*** Supplied records

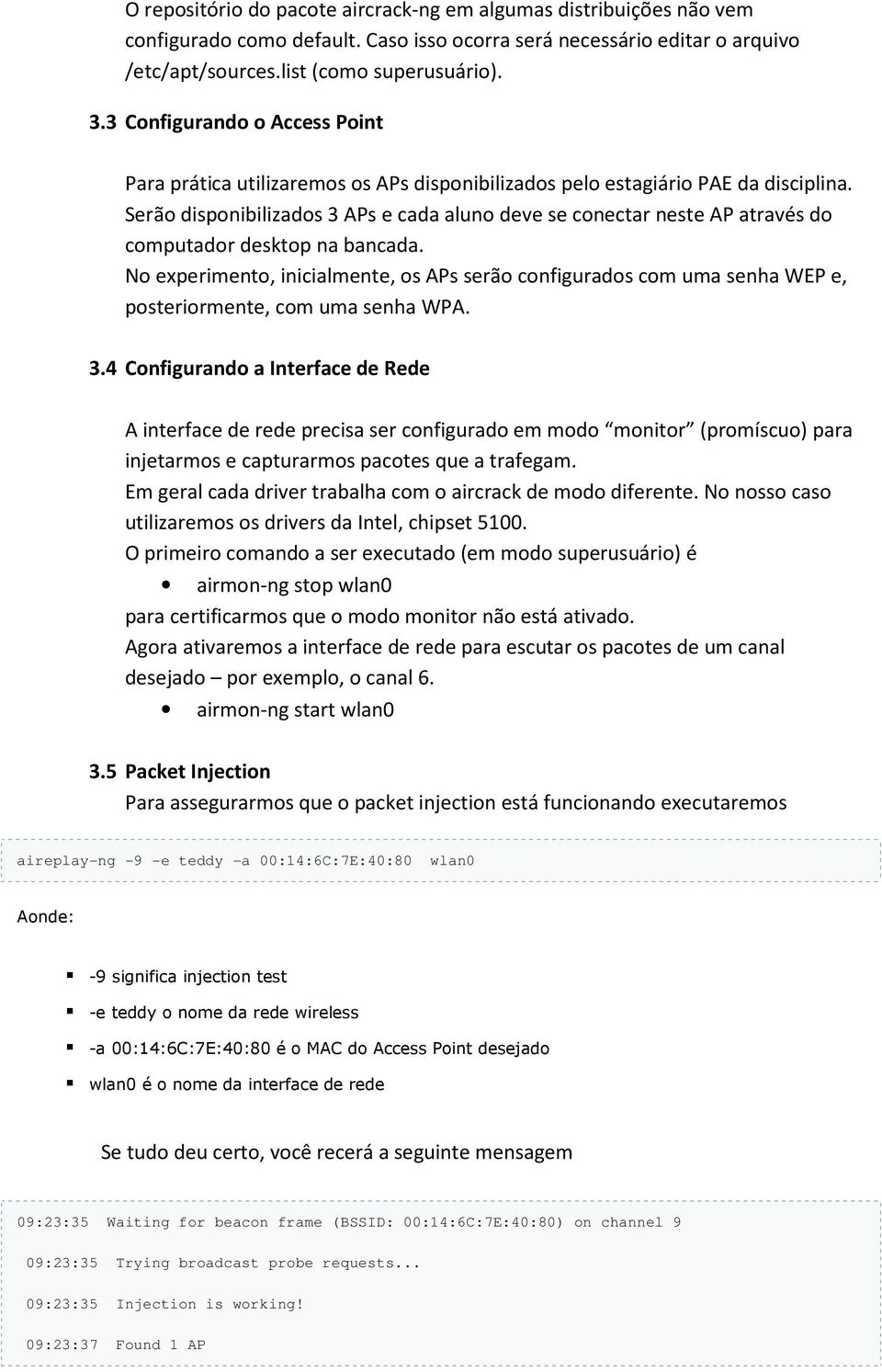 Serão disponibilizados 3 APs e cada aluno deve se conectar neste AP através do computador desktop na bancada.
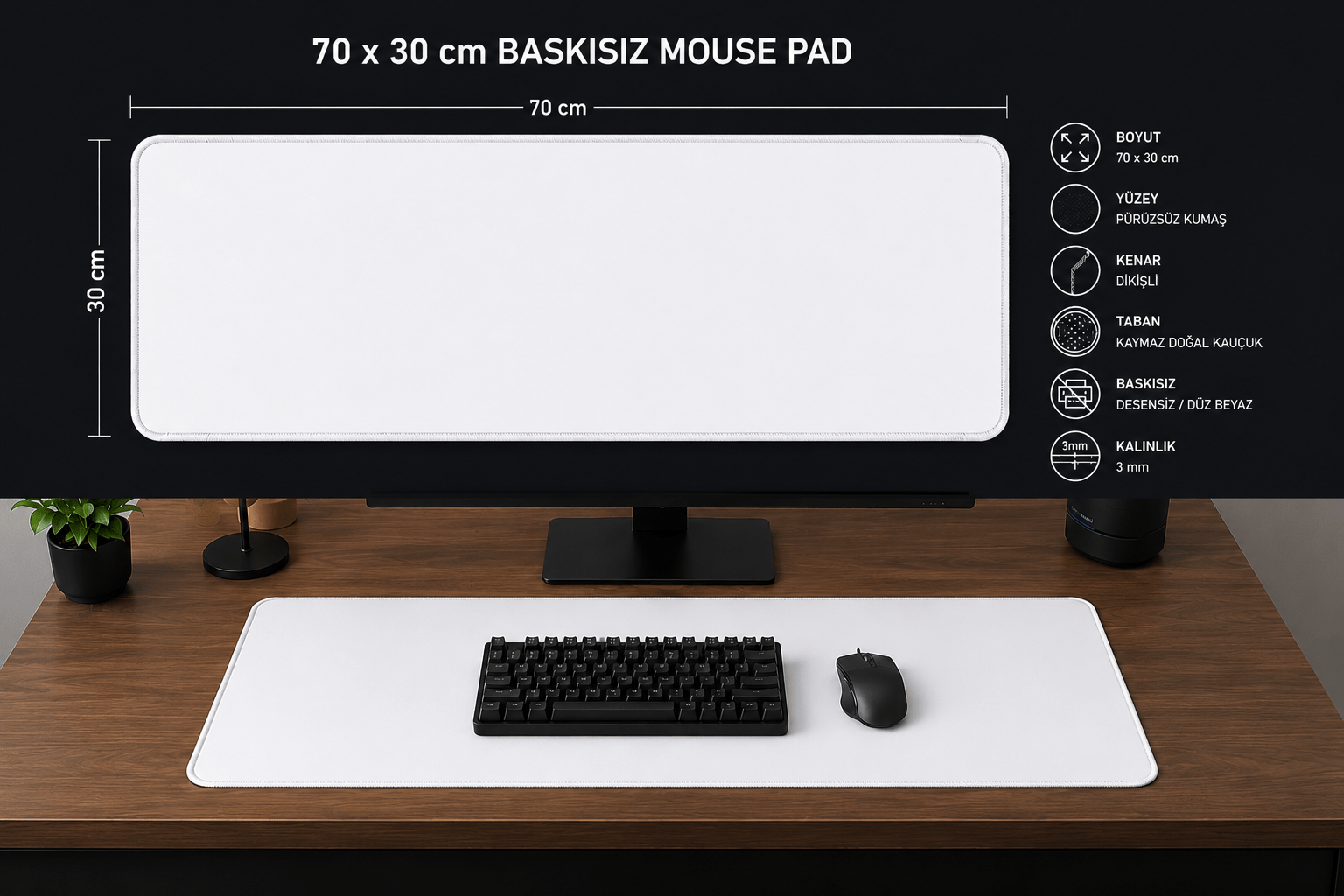70×30 Baskısız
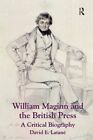 William Maginn and the British Press: A Critical Biography.by Latane New<|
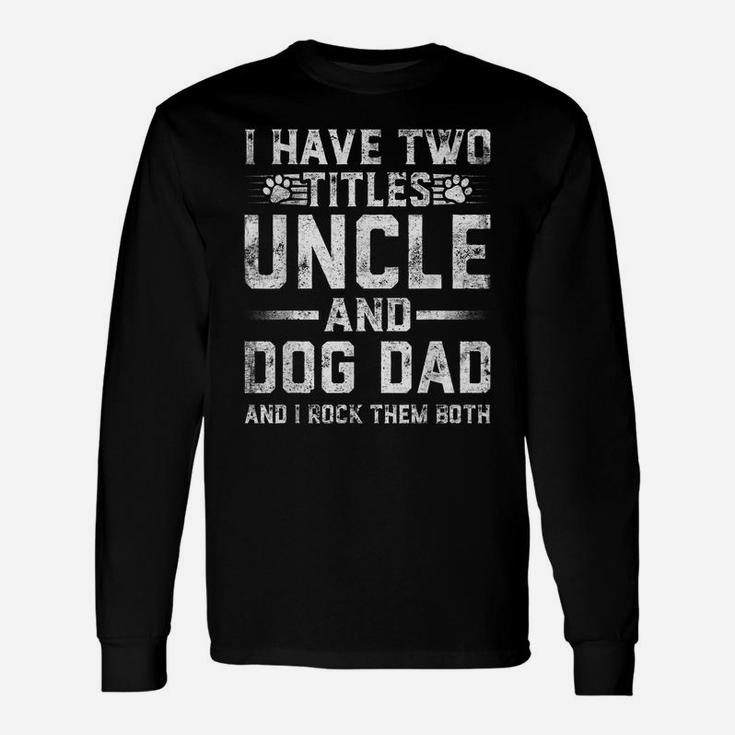 I Have Two Titles Uncle And Dog Dad Family Father's Day Unisex Long Sleeve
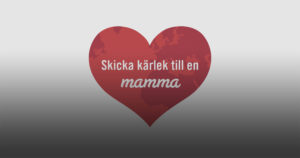 Skicka kärlek till en mamma på mors dag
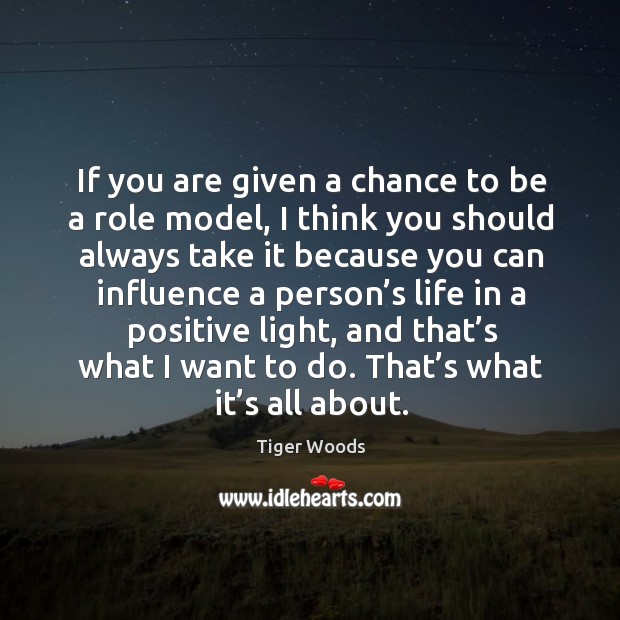 If you are given a chance to be a role model Tiger Woods Picture Quote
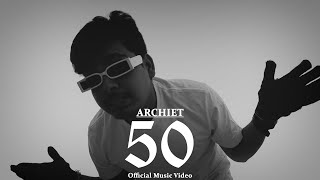 ARCHIET - 50 (Official Music Video)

******

_Task details_
Each line from the one that holds "William Maginn and" through the final line of the data must be retyped exactly; the pictures must not appear.

_Result for this task_
 William Maginn and the British Press: A Critical Biography.by Latane New<|
 I Have Two Titles Uncle And Dog Dad Family Father's Day Unisex Long Sleeve
 Skicka kärlek till en mamma på mors dag
 If you are given a chance to be a role model Tiger Woods Picture Quote
 ARCHIET - 50 (Official Music Video)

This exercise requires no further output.